▸ **Prompt**
The line containing "Craftsman Tool Box" and every line after it, through the end of the material: copy these exactly and nothing else, leaving pictures out.

▸ **Supplied records**
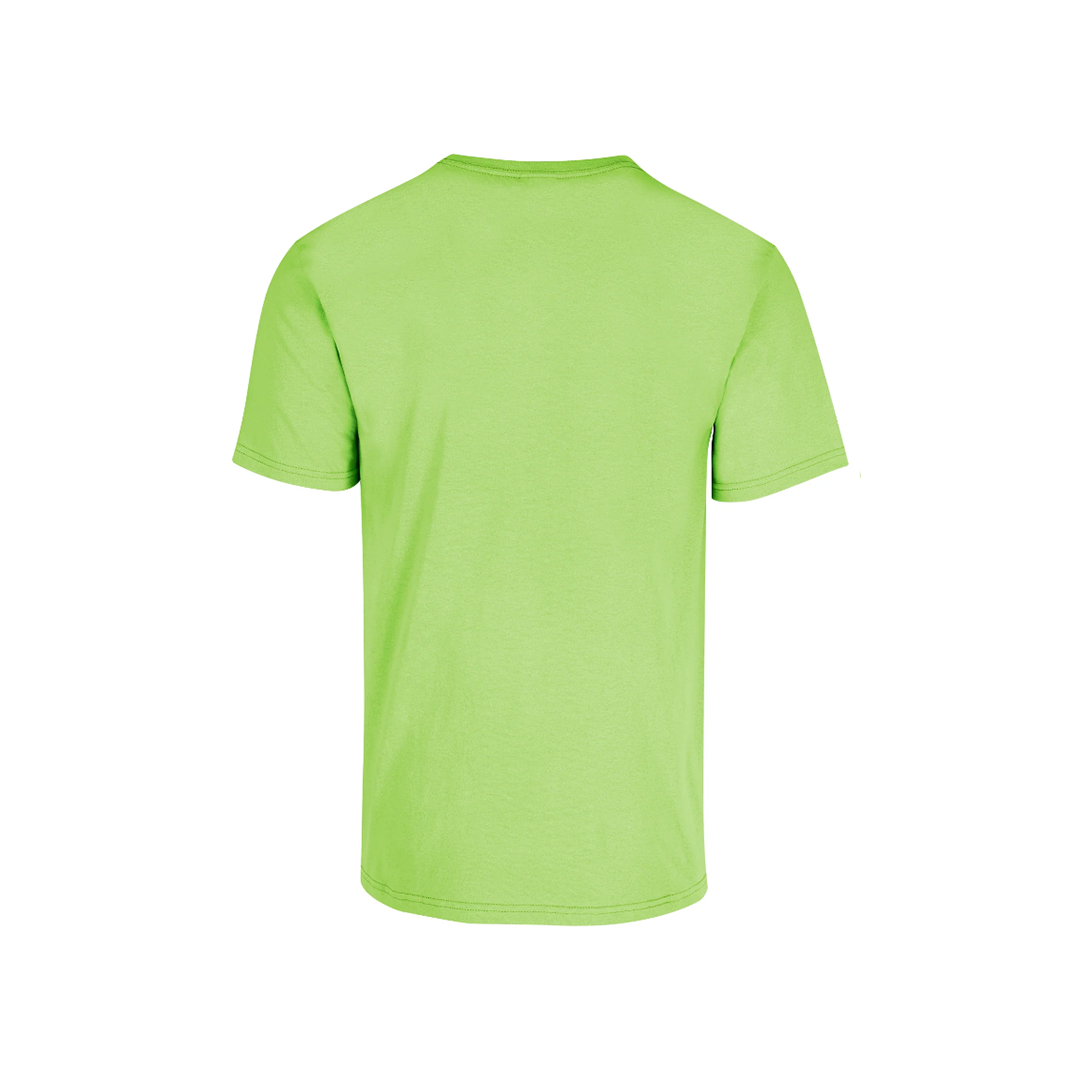 PLAYERA 100% ALGODÓN JUVENIL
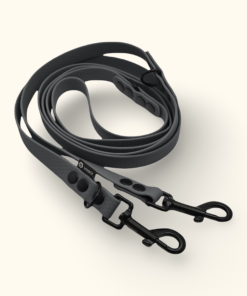 Přepínací vodítko Hike: Šedé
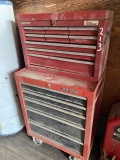 Craftsman Tool Box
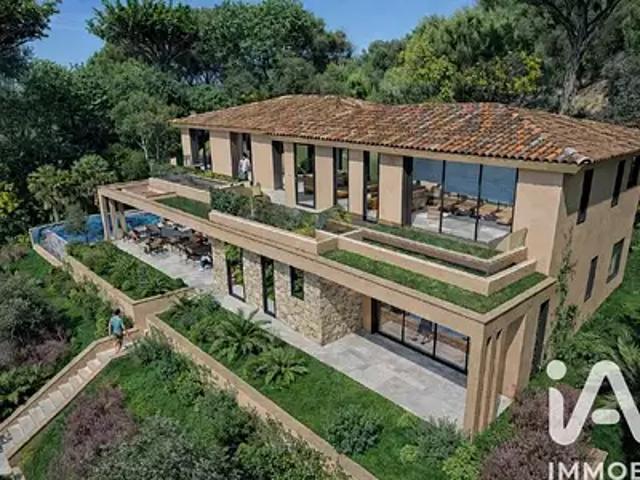 Les Issambres 83380 Achat / Vente terrain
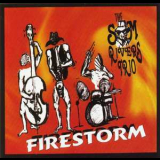 Sam Rivers Trio - Firestorm '2002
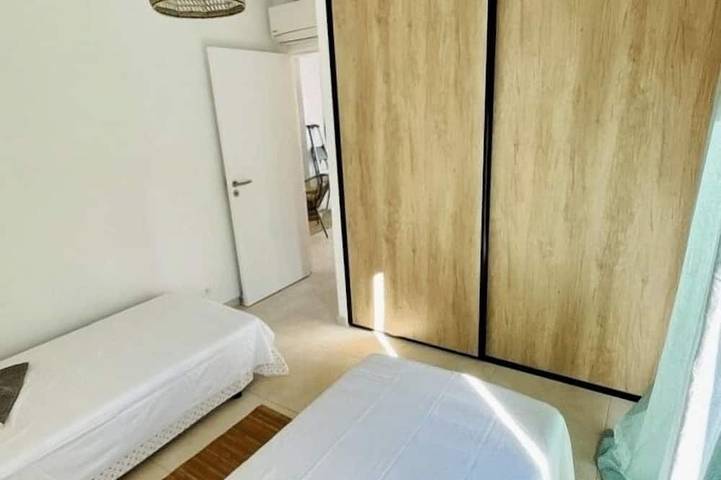 Villa pour 4 personnes dans Cala Rossa - 3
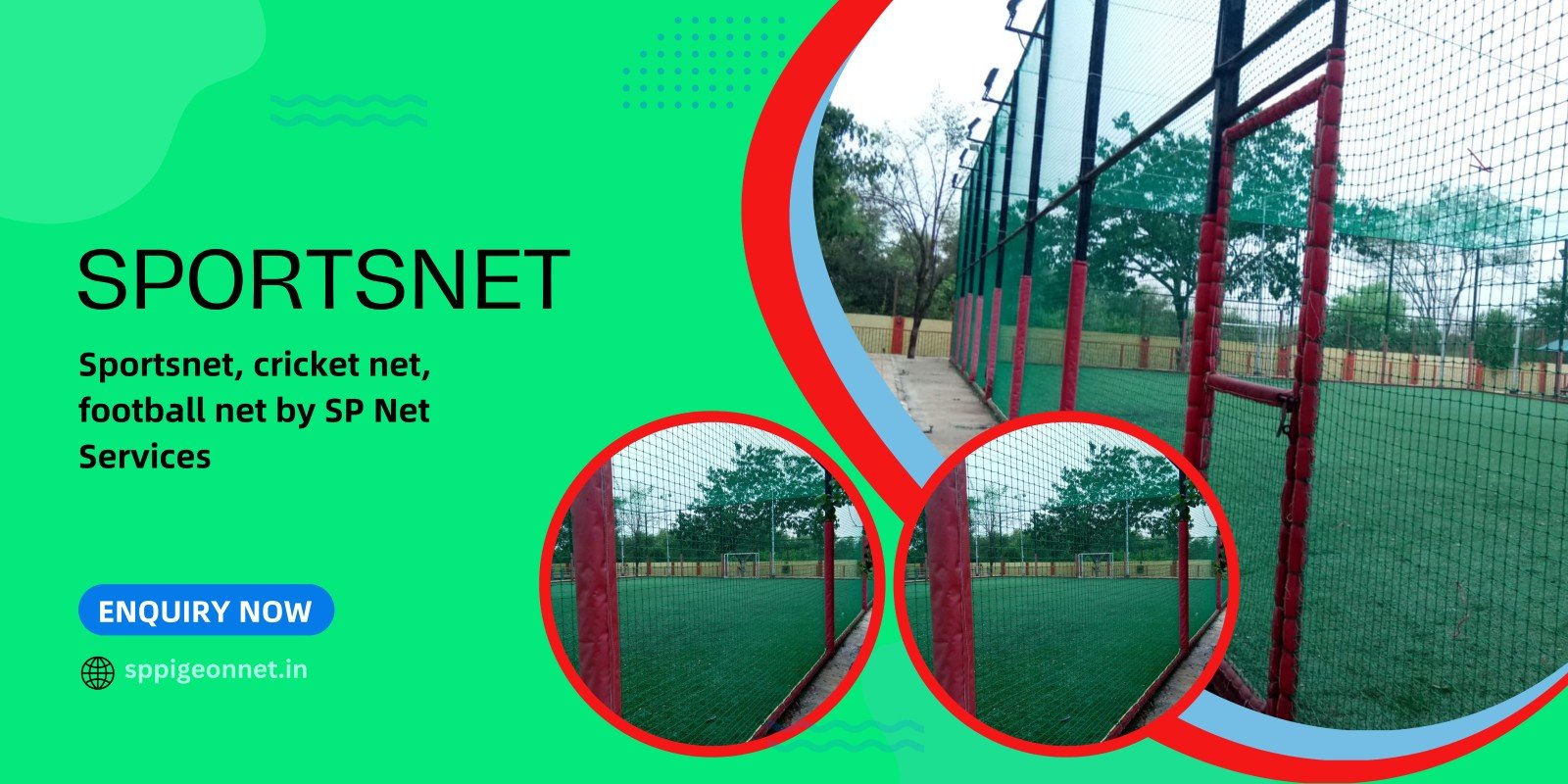 Ensuring Safety and Comfort: Pigeon Net and Invisible Grill Solutions in Nashik Road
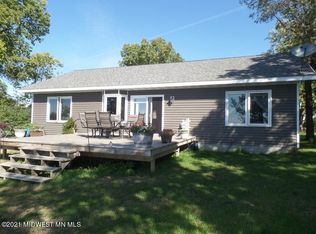 45298 N Little Pine Rd, Perham, MN 56573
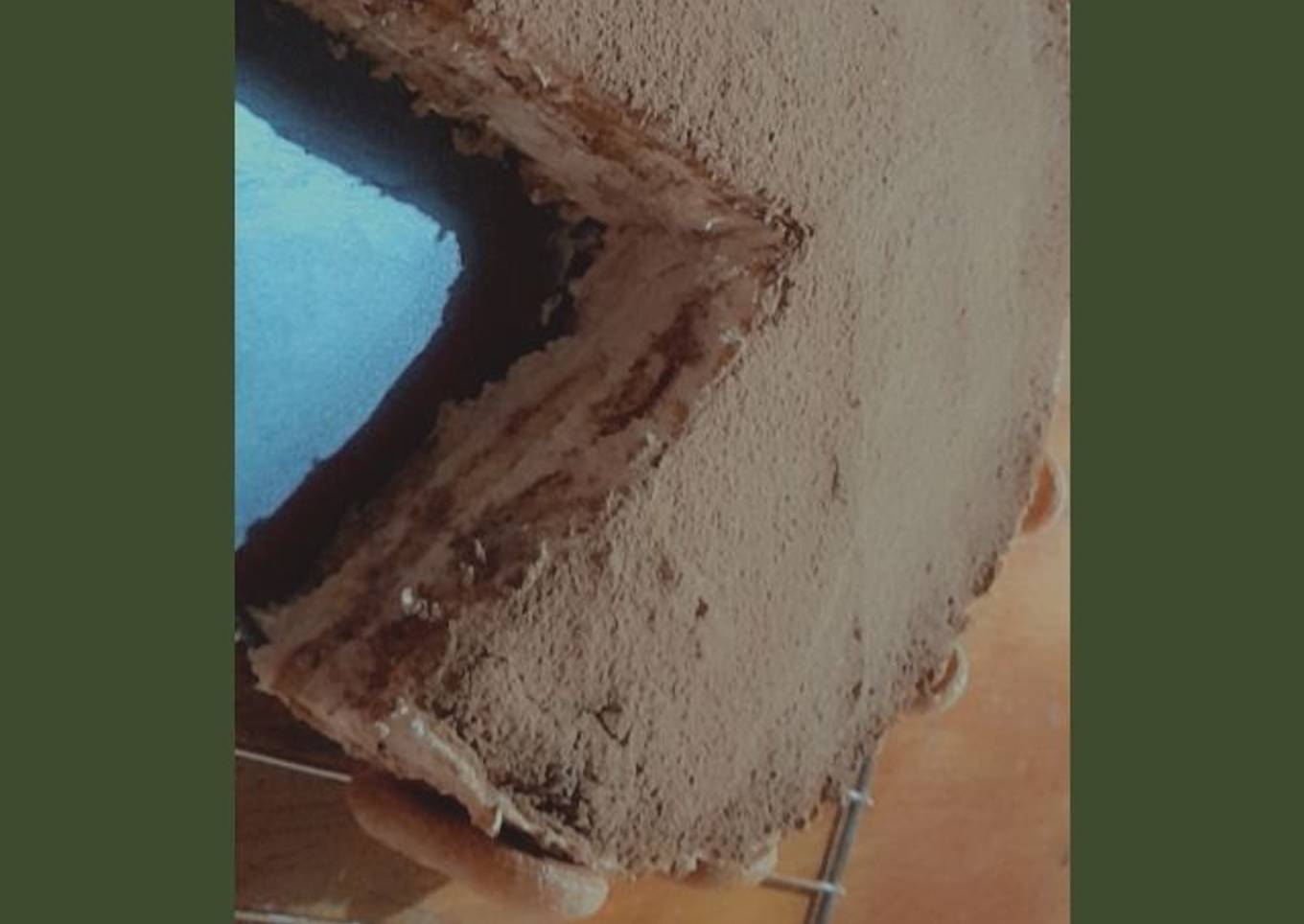 Tiramisú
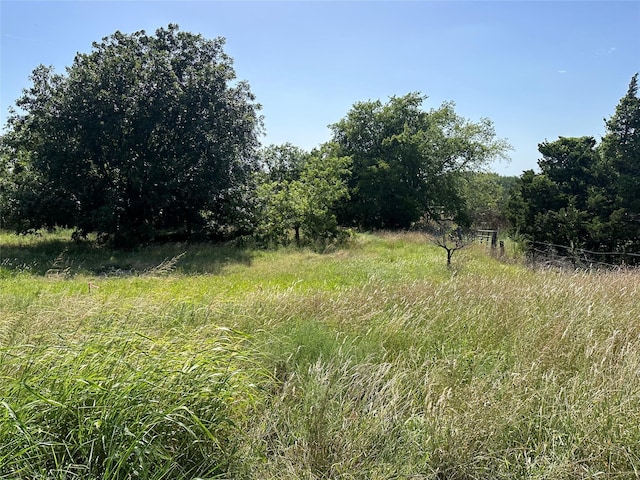 Listing photo 3 for LOT5 Cedar Rd, Sherman TX 75090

▸ **Task result**
 Craftsman Tool Box
 Les Issambres 83380 Achat / Vente terrain
 Sam Rivers Trio - Firestorm '2002
 Villa pour 4 personnes dans Cala Rossa - 3
 Ensuring Safety and Comfort: Pigeon Net and Invisible Grill Solutions in Nashik Road
 45298 N Little Pine Rd, Perham, MN 56573
 Tiramisú
 Listing photo 3 for LOT5 Cedar Rd, Sherman TX 75090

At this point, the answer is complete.